Mitsubishi ASX 2013: Road Test – Car Reviews, News & Advice – CarPoint Australia

2 Jan 2015 | Author: | Comments Off on Mitsubishi ASX 2013: Road Test – Car Reviews, News & Advice – CarPoint Australia

 

Mitsubishi ASX

2013: Road Test

Mitsubishi ASX 4WD Aspire 2.2L DiD

Road Test

Price Guide (recommended price before statutory delivery charges): $36,490

Options fitted to test car (not included in above price): N/A

Crash rating: Five-star ANCAP)

Fuel: Diesel

Claimed fuel economy (L/100km): 5.8

CO2 emissions (g/km): 168

Mitsubishi’s ASX is the fourth best-selling compact SUV in Australia, trailing only the Hyundai ix35, Nissan Dualis and Subaru XV. So it’s clear buyers like the combination of a practical, tall-riding body and family hatch dimensions.

But it says something about the competitiveness of the segment (19 entries at last count!) that not long after introducing a new 2.2-litre turbo-diesel engine to the line-up, Mitsubishi announced further 2014 year upgrades for the ASX range.

In the case of the top-spec 2.2-litre Aspire variant, that means an additional roof rack, panoramic sunroof, and 7.0-inch touchscreen, included as standard.

The 2014 ASX range starts at $24,990 for the petrol 2WD manual model, but you’ll need to fork out another $11,500 for the ‘full fruit’ Aspire ASX with diesel engine, 4WD and automatic transmission, tested here.

Considering you can buy a similarly-equipped version of the ASX’s bigger Outlander brother with the same engine for not a lot more, $36,490 seems steep for a ‘luxury’ version of what is essentially a cut-price family runabout.

However, you do get plenty for your money, as evidenced by a quick scan of the spec sheet.

As well as front fog lights with chrome bezels, a chrome exhaust tip and privacy glass, the range-topping Aspire ASX now boasts reversing sensors and reversing camera, seven airbags, an upgraded audio system with Bluetooth, leather upholstery, climate control, keyless entry/start, rain-sensing wipers, auto-on/off headlights, an LED ambient lighting strip for the sunroof and heated front seats with electric adjustment for the driver’s seat.

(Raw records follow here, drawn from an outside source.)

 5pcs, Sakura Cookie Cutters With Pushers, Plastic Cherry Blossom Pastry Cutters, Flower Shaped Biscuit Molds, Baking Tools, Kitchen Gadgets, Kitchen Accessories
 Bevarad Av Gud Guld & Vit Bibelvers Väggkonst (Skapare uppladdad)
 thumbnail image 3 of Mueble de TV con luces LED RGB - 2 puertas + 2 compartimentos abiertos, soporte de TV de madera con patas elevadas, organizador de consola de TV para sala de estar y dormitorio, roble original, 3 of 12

It’s a shame then some other aspects of the ASX lack similar sparkle, although the new turbo-diesel, which has 60Nm more torque than the old 1.8-litre engine, certainly adds some valuable grunt to the line-up.

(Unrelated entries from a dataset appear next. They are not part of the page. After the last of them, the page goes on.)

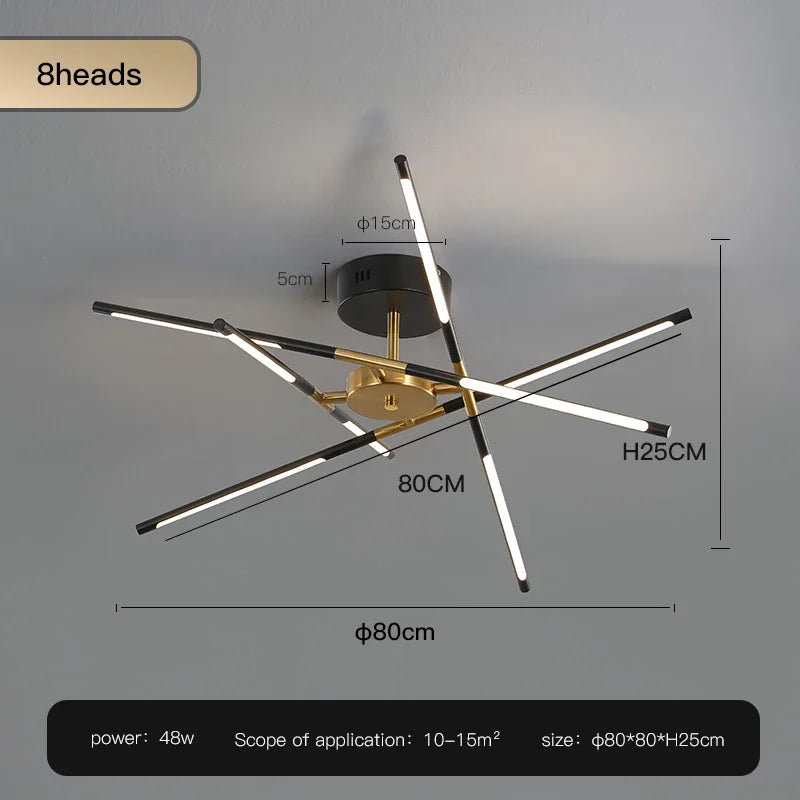 Metal Chandelier – Nordic LED for Bedroom & Bedside, Living Room, Dining Room & Kitchen | Seren Crest by Evenlyr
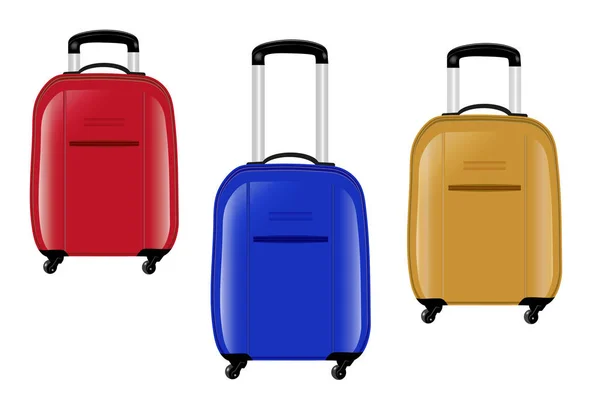 Tři moderní kufry na kolečkách. Červená, modrá a žlutá. Vektor — Stockový vektor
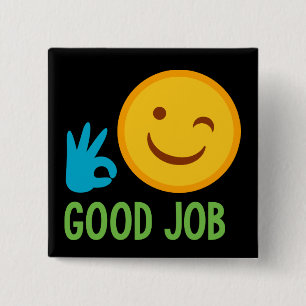 Good Job Emoji 15 Cm Square Badge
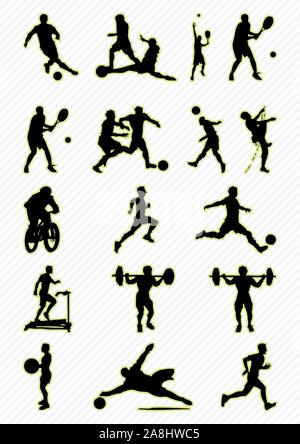 Set of vector silhouettes of people in sports Stock Vector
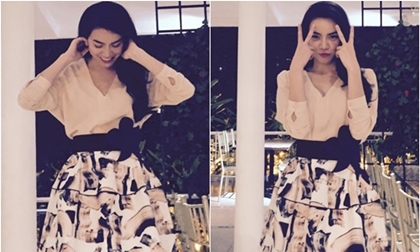 Hà Hồ mặc váy xòe tạo dáng siêu nhí nhảnh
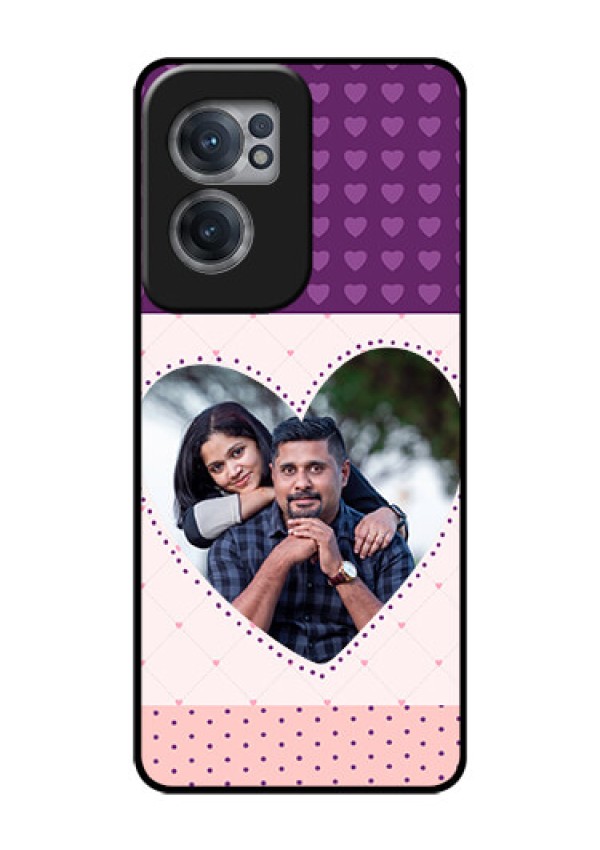 OnePlus Nord CE 2 5G Custom Glass Phone Case - Violet Love Dots Design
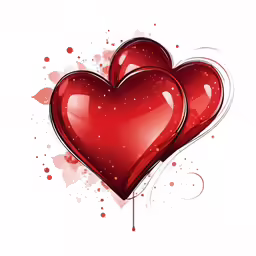 two hearts with red paint and splatters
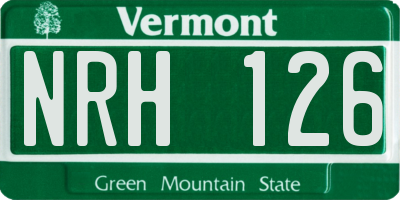VT license plate NRH126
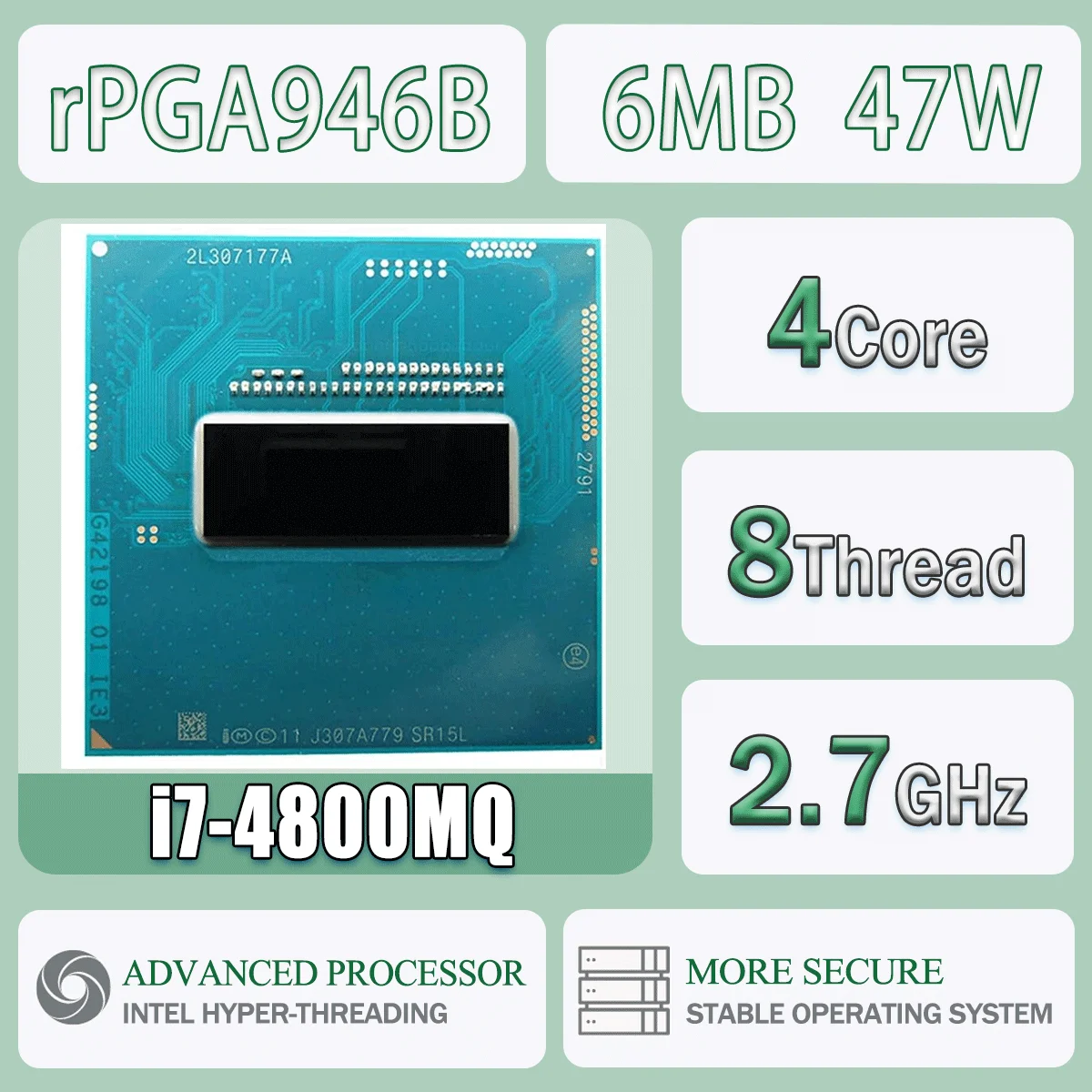 Intel Core I7-4800MQ 2,7 GHz 4 Kerne 8 Threads 6M 47W I7 4800MQ Computer CPU Prozessor Server Sockel G3 / RPGA946B SR15L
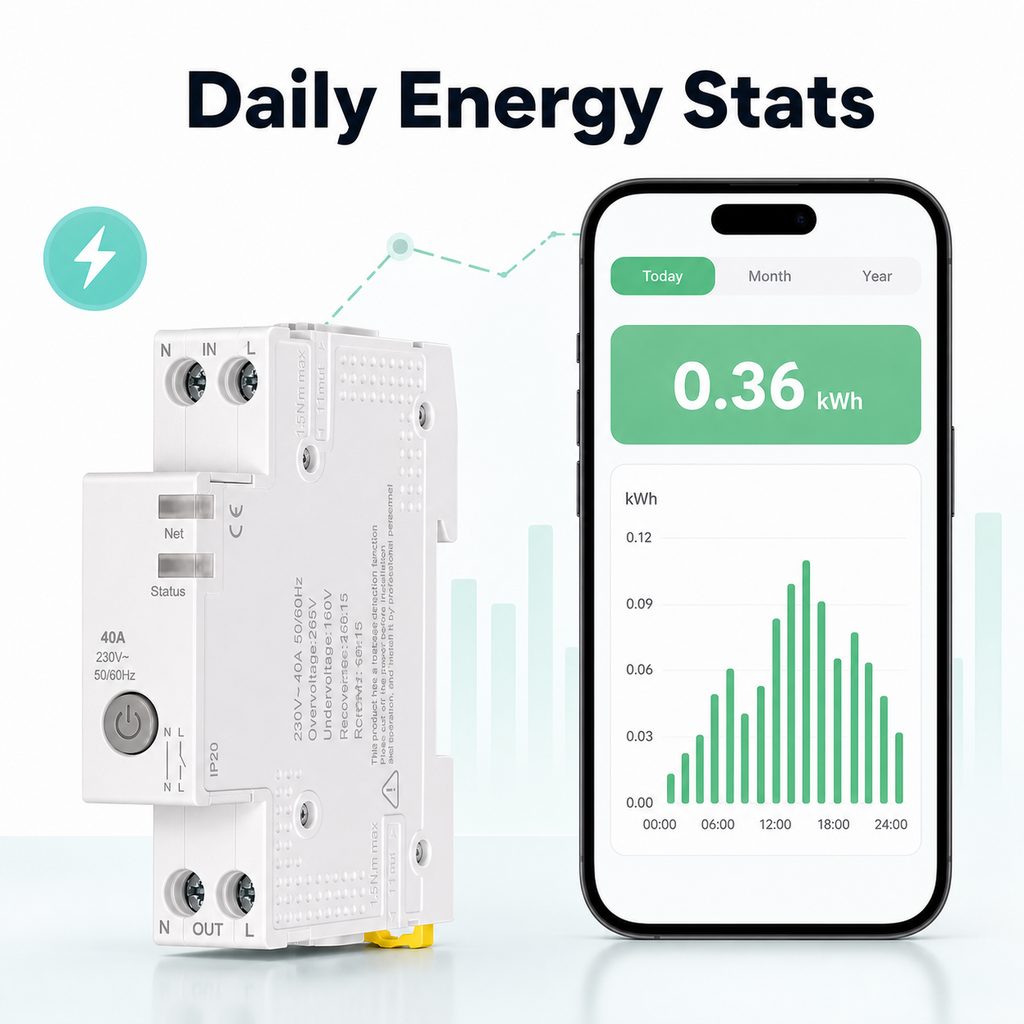 Daily energy statistics screen for WiFi smart circuit breaker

For 2014, Mitsubishi claims to have reduced NVH (noise, vibration, harshness) levels in the cabin, as well as suspension ride quality, but it’s obvious both still require further work.

While the larger, 110kW/360Nm 2.2-litre turbo-diesel engine gives the ASX added zing from the lights, engine noise especially at higher revs intrudes noticeably into the cabin, to the point where I was often reaching for the radio volume button.

Also disturbing the peace in our test car was an annoying, drivetrain-like whine when accelerating from standstill; some turbo ‘whistle’ at higher revs, excessive tyre rumble as well as the odd bang and crash as the suspension struggled with potholes and the like.

While tolerable, the various, extraneous noises weren’t befitting a vehicle with a $35,000-plus pricetag. The tinny interior feel also extended to the audio system, with excessive vibrations at times coming from one of the door speakers.

Despite some diesel clatter, and the $3000 premium over the petrol engine, the 2.2-litre turbo-diesel with six-speed auto is arguably the pick of the powertrains, which also includes a 110kW/197Nm 2.0-litre petrol engine.

Combining smoothly with the auto transmission, the oiler delivered a strong, linear surge across the rev range as well as relaxed performance around town, with enough grunt in the wet or dry to spin the front wheels in lower gears.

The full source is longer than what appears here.